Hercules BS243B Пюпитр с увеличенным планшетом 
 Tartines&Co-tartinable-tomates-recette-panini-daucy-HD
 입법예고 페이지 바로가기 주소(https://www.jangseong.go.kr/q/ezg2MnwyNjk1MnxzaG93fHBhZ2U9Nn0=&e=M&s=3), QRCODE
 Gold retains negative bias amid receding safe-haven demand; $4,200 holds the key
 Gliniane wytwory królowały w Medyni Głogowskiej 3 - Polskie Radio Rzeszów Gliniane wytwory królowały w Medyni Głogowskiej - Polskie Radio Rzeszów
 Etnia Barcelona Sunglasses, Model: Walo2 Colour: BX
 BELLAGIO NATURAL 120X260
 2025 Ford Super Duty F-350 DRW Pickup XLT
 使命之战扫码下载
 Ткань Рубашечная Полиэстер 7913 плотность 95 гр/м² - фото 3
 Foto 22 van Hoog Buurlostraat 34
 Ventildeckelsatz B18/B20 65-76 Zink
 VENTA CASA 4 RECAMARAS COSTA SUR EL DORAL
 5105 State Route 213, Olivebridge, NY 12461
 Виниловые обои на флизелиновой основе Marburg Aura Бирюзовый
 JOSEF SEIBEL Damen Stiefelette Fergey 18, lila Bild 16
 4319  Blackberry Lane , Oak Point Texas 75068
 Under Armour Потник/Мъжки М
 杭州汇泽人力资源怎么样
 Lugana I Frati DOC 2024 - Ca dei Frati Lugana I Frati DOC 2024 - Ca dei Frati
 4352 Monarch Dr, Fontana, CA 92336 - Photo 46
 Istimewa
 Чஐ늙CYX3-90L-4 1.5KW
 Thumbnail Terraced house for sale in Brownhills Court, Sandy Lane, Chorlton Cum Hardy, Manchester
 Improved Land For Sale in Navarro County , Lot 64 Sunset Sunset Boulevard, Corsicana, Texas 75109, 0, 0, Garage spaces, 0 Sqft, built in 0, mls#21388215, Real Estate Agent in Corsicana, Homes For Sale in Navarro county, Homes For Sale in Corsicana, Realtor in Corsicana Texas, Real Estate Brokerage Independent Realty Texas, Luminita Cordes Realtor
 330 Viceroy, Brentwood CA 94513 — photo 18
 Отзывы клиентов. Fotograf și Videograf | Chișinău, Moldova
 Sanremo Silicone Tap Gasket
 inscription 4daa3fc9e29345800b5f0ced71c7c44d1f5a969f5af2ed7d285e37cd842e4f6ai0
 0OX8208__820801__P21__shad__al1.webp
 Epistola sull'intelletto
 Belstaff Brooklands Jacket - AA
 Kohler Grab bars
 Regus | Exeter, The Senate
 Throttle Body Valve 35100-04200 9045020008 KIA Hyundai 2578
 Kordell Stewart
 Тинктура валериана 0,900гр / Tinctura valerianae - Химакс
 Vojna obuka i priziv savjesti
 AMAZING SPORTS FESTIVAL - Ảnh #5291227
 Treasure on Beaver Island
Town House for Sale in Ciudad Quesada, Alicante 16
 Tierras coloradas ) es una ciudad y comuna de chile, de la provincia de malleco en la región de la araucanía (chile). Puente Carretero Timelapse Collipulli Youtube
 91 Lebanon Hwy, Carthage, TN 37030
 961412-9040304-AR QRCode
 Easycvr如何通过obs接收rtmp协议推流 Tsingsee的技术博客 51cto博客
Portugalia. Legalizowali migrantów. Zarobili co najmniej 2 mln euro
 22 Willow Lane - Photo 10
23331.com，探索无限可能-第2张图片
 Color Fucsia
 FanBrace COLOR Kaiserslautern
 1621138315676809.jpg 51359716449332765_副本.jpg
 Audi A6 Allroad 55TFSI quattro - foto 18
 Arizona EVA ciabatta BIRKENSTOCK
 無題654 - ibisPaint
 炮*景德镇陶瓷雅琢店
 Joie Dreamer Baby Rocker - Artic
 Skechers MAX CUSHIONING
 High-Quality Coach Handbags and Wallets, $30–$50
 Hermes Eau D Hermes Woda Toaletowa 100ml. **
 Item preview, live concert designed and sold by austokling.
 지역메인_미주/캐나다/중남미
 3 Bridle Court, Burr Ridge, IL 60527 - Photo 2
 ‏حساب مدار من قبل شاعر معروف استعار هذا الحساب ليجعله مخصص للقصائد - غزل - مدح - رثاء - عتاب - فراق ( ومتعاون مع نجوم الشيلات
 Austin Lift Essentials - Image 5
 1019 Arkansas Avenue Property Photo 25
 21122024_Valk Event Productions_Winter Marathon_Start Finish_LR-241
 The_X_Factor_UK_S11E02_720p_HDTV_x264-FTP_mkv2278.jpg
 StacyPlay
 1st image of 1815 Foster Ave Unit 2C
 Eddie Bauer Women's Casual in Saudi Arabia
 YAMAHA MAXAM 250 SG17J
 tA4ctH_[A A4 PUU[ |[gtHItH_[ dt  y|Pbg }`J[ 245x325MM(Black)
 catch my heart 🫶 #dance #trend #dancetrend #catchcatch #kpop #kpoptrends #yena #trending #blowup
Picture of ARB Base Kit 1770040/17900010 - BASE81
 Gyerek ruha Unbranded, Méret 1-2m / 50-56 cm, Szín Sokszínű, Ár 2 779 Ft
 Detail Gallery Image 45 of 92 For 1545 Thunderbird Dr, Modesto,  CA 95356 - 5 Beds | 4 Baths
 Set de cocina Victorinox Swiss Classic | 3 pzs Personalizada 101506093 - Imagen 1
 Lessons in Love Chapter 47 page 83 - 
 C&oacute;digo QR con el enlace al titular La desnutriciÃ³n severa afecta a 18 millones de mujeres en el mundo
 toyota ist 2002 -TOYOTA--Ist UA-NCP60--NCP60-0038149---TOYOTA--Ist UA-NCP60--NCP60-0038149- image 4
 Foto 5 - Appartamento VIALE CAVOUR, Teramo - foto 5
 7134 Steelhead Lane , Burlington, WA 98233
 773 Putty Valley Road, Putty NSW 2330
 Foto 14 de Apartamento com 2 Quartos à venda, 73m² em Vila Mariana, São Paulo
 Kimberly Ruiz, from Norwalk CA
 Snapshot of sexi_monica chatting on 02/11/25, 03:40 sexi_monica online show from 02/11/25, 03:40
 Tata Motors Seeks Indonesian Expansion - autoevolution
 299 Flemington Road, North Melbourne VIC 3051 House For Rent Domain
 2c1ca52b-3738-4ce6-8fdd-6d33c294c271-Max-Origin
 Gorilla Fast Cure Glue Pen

● **PROBLEM DETAILS**: Above are the records; please copy exactly their first line and each line after it through the line containing "Gold retains negative", and no line after that.

● **OUTPUT OF THE TASK**:
Hercules BS243B Пюпитр с увеличенным планшетом 
 Tartines&Co-tartinable-tomates-recette-panini-daucy-HD
 입법예고 페이지 바로가기 주소(https://www.jangseong.go.kr/q/ezg2MnwyNjk1MnxzaG93fHBhZ2U9Nn0=&e=M&s=3), QRCODE
 Gold retains negative bias amid receding safe-haven demand; $4,200 holds the key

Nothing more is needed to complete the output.